Encoded Archival Description

Encoded Archival Description (EAD) is an XML standard for encoding archival finding aids, maintained by the Technical Subcommittee for Encoded Archival Description of the Society of American Archivists, in partnership with the Library of Congress.[1]


EAD originated at the 1993 Society of American Archivists annual meeting in New Orleans and was headed by Daniel Pitti at the University of California, Berkeley.[2] The project's goal was to create a data standard for describing archives, similar to the MARC standards for describing bibliographic materials. The initial EAD Version 1.0 was released in the fall of 1998.[3] Such a standard enables archives, museums, libraries, and manuscript repositories to list and describe their holdings in a manner that would be machine-readable and therefore easy to search, maintain and exchange.[4] Since its inception, many archives and special collections have adopted it.

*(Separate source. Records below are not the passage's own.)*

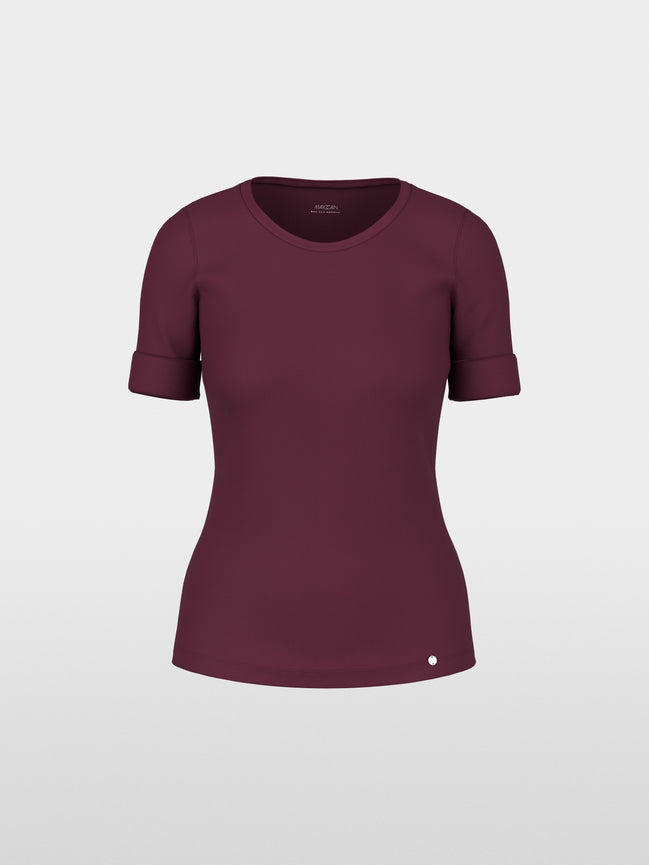 Stretch cotton shirt with half sleeves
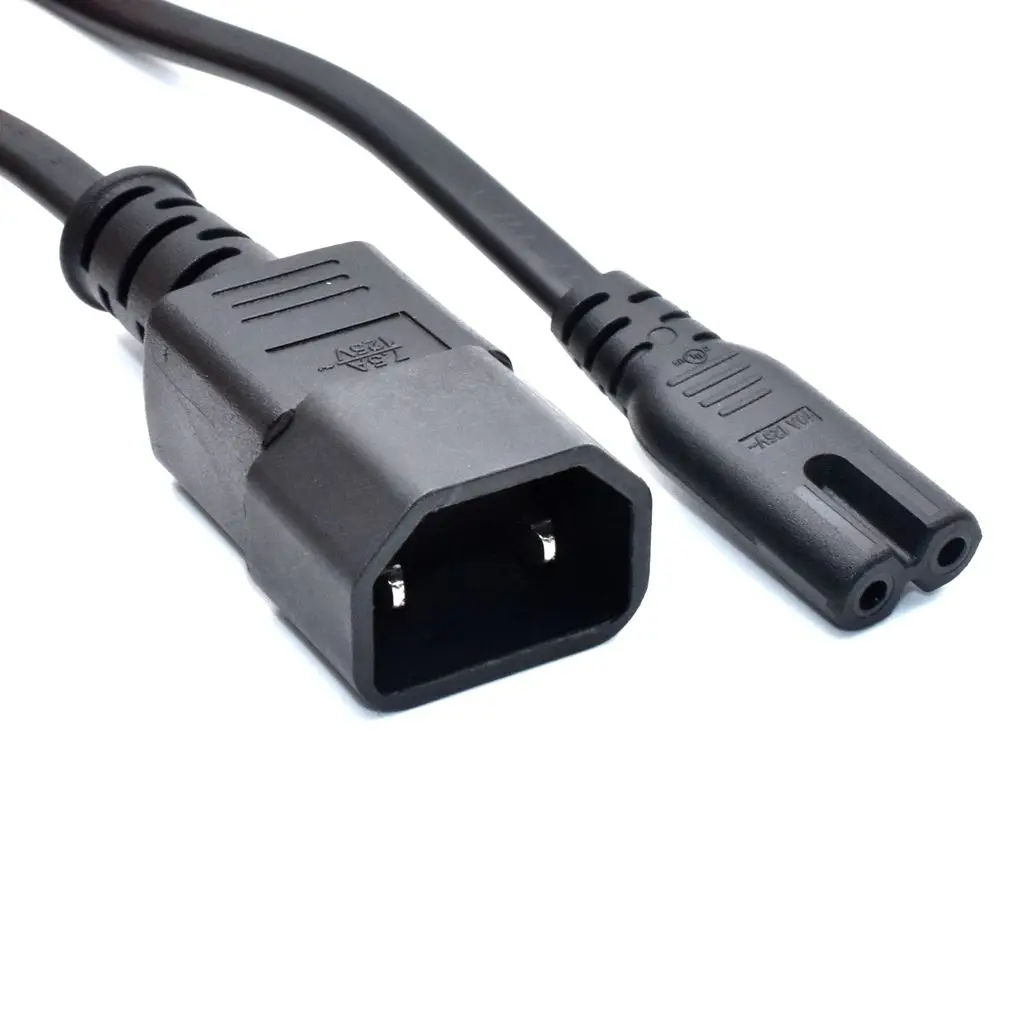 C18 to C7 Extension Power Cord,IEC 320 C7 Female to C18 Male Power Adapter Cable For PDU UPS,2Pin C14 to C7 cables 130CM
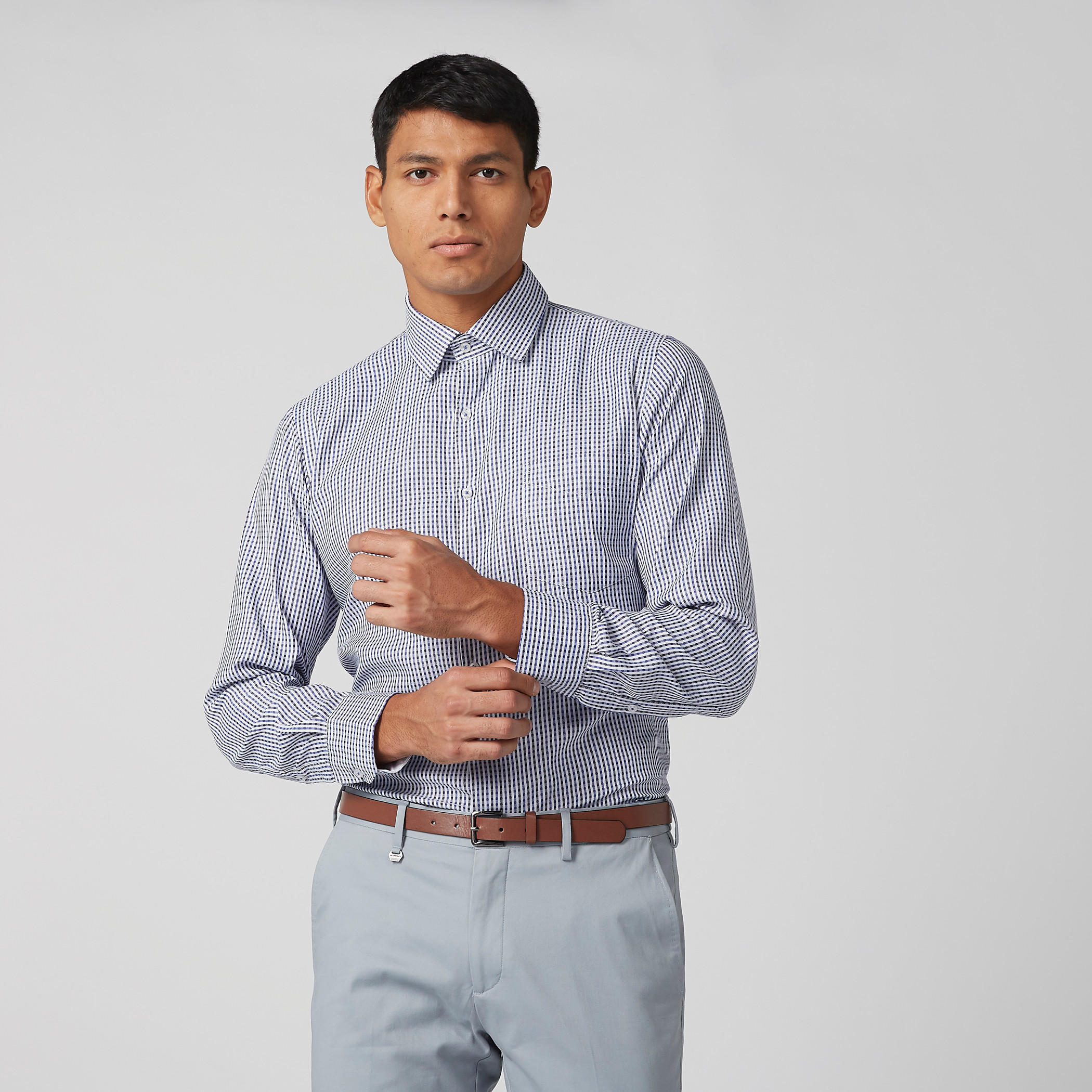 Easy Iron Checked Shirt with Long Sleeves and Complete Placket-men-clothing-shirts-image-1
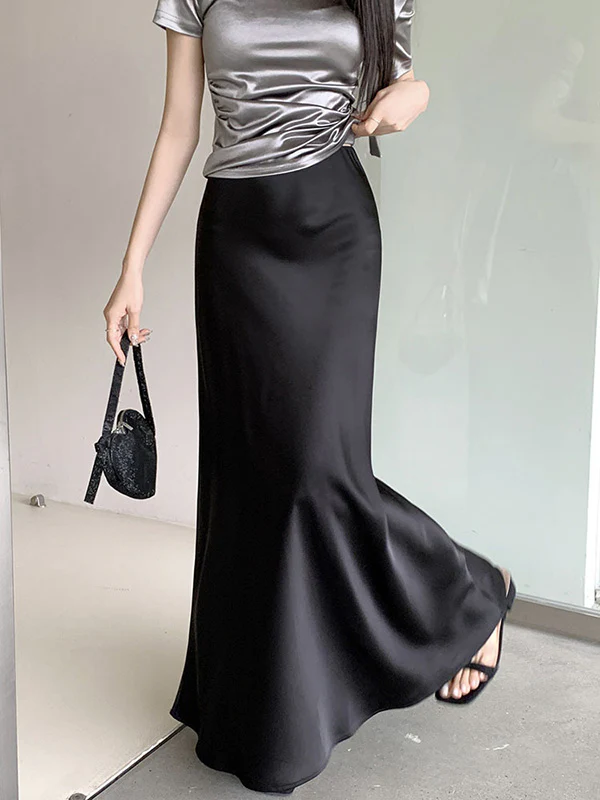 Mermaid Elasticity Solid Color Skirts Bottoms - Image 3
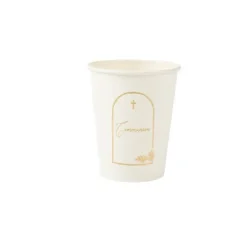 8 Gobelets en carton - Collection Communion Pureté Blanc et Or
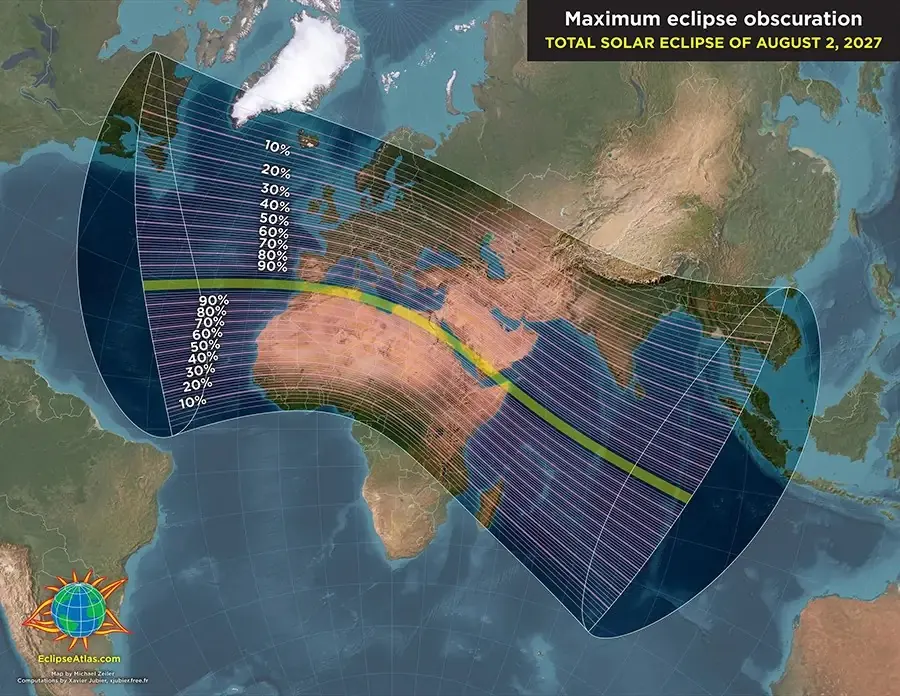 IGN map of totality duration and obscuration for the August 2, 2027 total solar eclipse
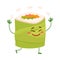 Japanese avocado roll character juggling with rice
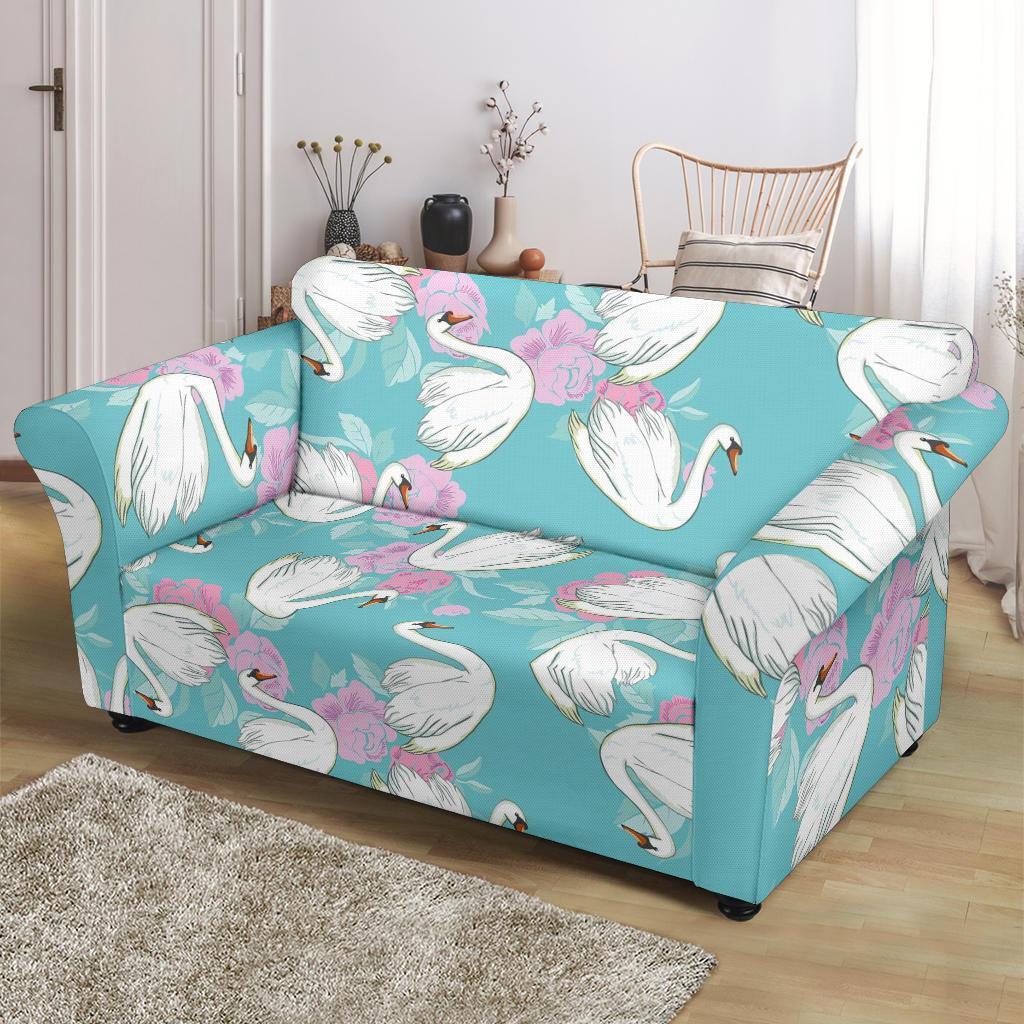 Floral Swan Pattern Print Loveseat Cover-grizzshop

In addition to the development and maintenance work done by the Society of American Archivists and the Library of Congress, the Research Libraries Group (RLG) has developed and published a set of "Best Practice" implementation guidelines[5] for EAD, which lays out mandatory, recommended, and optional elements and attributes. RLG has also provided a kind of clearinghouse for finding aids in EAD format, known as ArchiveGrid. Member libraries provide RLG the URL for their finding aids; RLG automatically harvests data from the finding aids, indexes it, and provides a search interface for the index, thus giving researchers the ability to search across several hundred institutions' collections with a single query. RLG also has developed the "RLG Report Card,"[6] an automated quality-checking program that will analyze an EAD instance and report any areas where it diverges from the best practices guidelines.

The EAD standard is currently (2013) undergoing revision.[7] This latest version, EAD3 was released by the Technical Subcommittee for Encoded Archival Description in August 2015.[8]


A number of repositories in the United States, Canada, the United Kingdom, France, Australia and elsewhere have adopted and implemented EAD with varying levels of technical sophistication. One of the most ambitious efforts is the Online Archive of California, a union catalog of over 5000 EAD finding aids covering manuscripts and images from institutions across the state. The French National Library Francois Mitterrand publishes more than 90000 EAD finding aids covering archives and manuscripts.


The EAD standard's document type definition (DTD) specifies the elements to be used to describe a manuscript collection as well as the arrangement of those elements (for example, which elements are required, or which are permitted inside which other elements). EAD 1.0 was an SGML DTD; EAD 2002, the second and current incarnation of EAD, was finalized in December 2002 and is an XML DTD. The EAD tag set has 146 elements and is used both to describe a collection as a whole, and also to encode a detailed multi-level inventory of the collection. Many EAD elements have been, or can be, mapped to content standards (such as DACS and ISAD(G)) and other structural standards (such as MARC or Dublin Core), increasing the flexibility and interoperability of the data.[9]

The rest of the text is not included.